» Extracted information

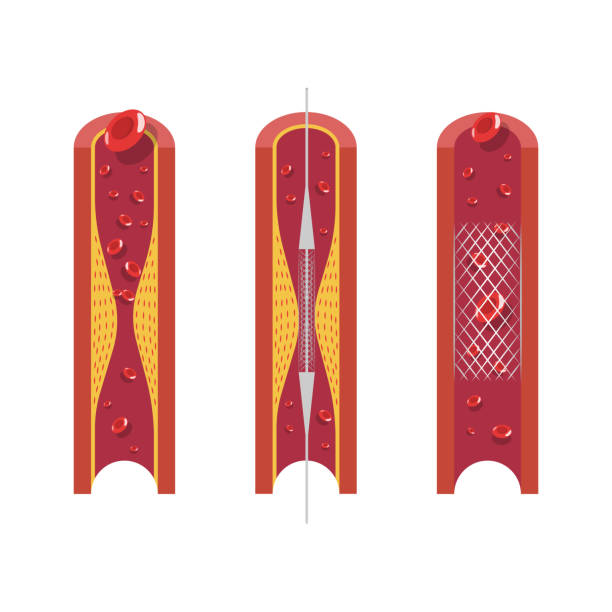 흰색 배경에 차단 된 동맥을 여는 데 사용되는 스텐트 - angioplasty stock illustrations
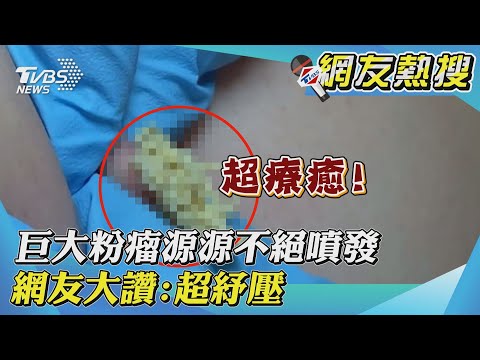 【網友熱搜】巨大粉瘤源源不絕噴發 網友大讚:超紓壓!｜sebaceous cyst｜TVBS新聞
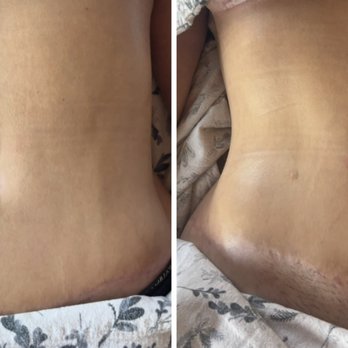 Healing Art of Massage By Paulette Kelly - Left before lymphatic massage
Right after lymphatic session - Massage Therapy Near Me Healing Art of Massage By Paulette Kelly - Left before lymphatic massage
Right after lymphatic session - Massage Therapy Near Me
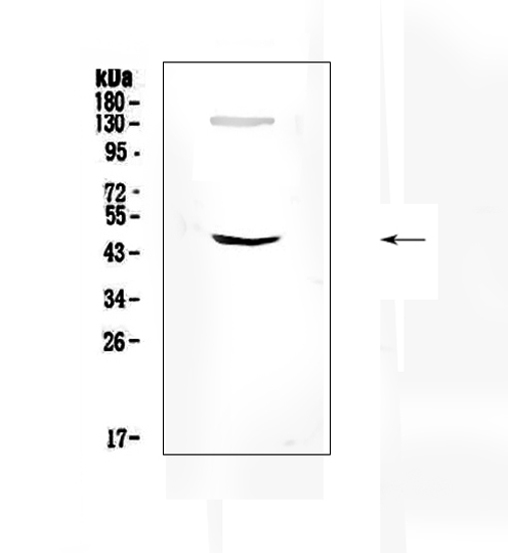 Western blot analysis of SOX4 using anti-SOX4 antibody (PB9618). Electrophoresis was performed on a 5-20% SDS-PAGE gel at 70V (Stacking gel) / 90V (Resolving gel) for 2-3 hours. The sample well of each lane was loaded with 50ug of sample under reducing conditions. Lane 1: mouse brain tissue lysates. After Electrophoresis, proteins were transferred to a Nitrocellulose membrane at 150mA for 50-90 minutes. Blocked the membrane with 5% Non-fat Milk/ TBS for 1.5 hour at RT. The membrane was incubated with rabbit anti-SOX4 antigen affinity purified polyclonal antibody (Catalog # PB9618) at 0.5 μg/mL overnight at 4°C, then washed with TBS-0.1%Tween 3 times with 5 minutes each and probed with a goat anti-rabbit IgG-HRP secondary antibody at a dilution of 1:10000 for 1.5 hour at RT. The signal is developed using an Enhanced Chemiluminescent detection (ECL) kit (Catalog # EK1002) with Tanon 5200 system. A specific band was detected for SOX4 at approximately 47KD. The expected band size for SOX4 is at 47KD.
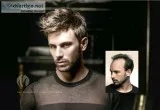 Hair Replacement for Men &ndash Minneapolis St. Paul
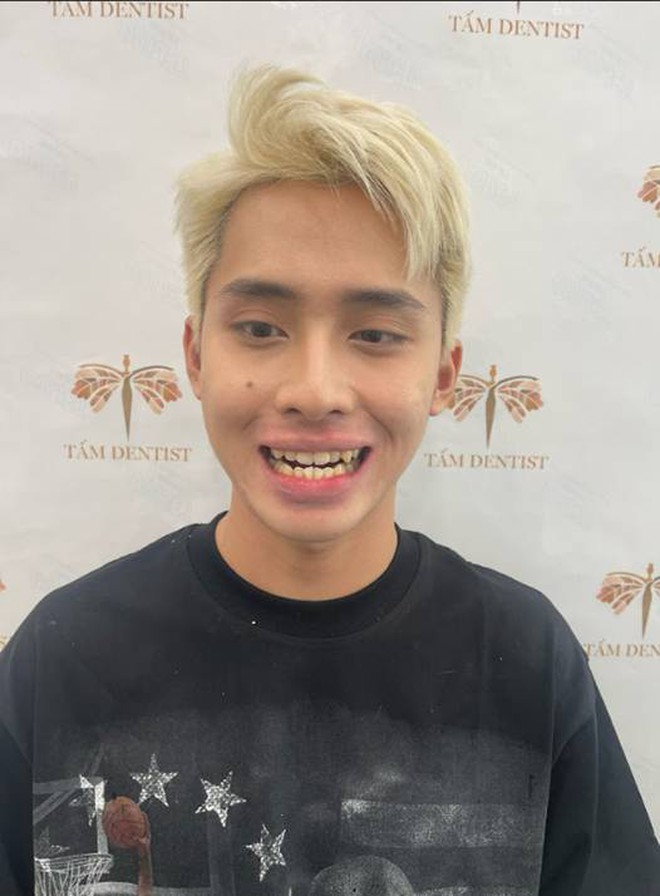 Đau đầu triền miên vi răng chen chúc: Hành trình lấy lại sự tự tin của chàng trai Tiktoker- Ảnh 2.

» Try it
Down to the last line, return the entries above exactly, with no pictures.

» Solved exercise
 흰색 배경에 차단 된 동맥을 여는 데 사용되는 스텐트 - angioplasty stock illustrations
 【網友熱搜】巨大粉瘤源源不絕噴發 網友大讚:超紓壓!｜sebaceous cyst｜TVBS新聞
 Healing Art of Massage By Paulette Kelly - Left before lymphatic massage
Right after lymphatic session - Massage Therapy Near Me Healing Art of Massage By Paulette Kelly - Left before lymphatic massage
Right after lymphatic session - Massage Therapy Near Me
 Western blot analysis of SOX4 using anti-SOX4 antibody (PB9618). Electrophoresis was performed on a 5-20% SDS-PAGE gel at 70V (Stacking gel) / 90V (Resolving gel) for 2-3 hours. The sample well of each lane was loaded with 50ug of sample under reducing conditions. Lane 1: mouse brain tissue lysates. After Electrophoresis, proteins were transferred to a Nitrocellulose membrane at 150mA for 50-90 minutes. Blocked the membrane with 5% Non-fat Milk/ TBS for 1.5 hour at RT. The membrane was incubated with rabbit anti-SOX4 antigen affinity purified polyclonal antibody (Catalog # PB9618) at 0.5 μg/mL overnight at 4°C, then washed with TBS-0.1%Tween 3 times with 5 minutes each and probed with a goat anti-rabbit IgG-HRP secondary antibody at a dilution of 1:10000 for 1.5 hour at RT. The signal is developed using an Enhanced Chemiluminescent detection (ECL) kit (Catalog # EK1002) with Tanon 5200 system. A specific band was detected for SOX4 at approximately 47KD. The expected band size for SOX4 is at 47KD.
 Hair Replacement for Men &ndash Minneapolis St. Paul
 Đau đầu triền miên vi răng chen chúc: Hành trình lấy lại sự tự tin của chàng trai Tiktoker- Ảnh 2.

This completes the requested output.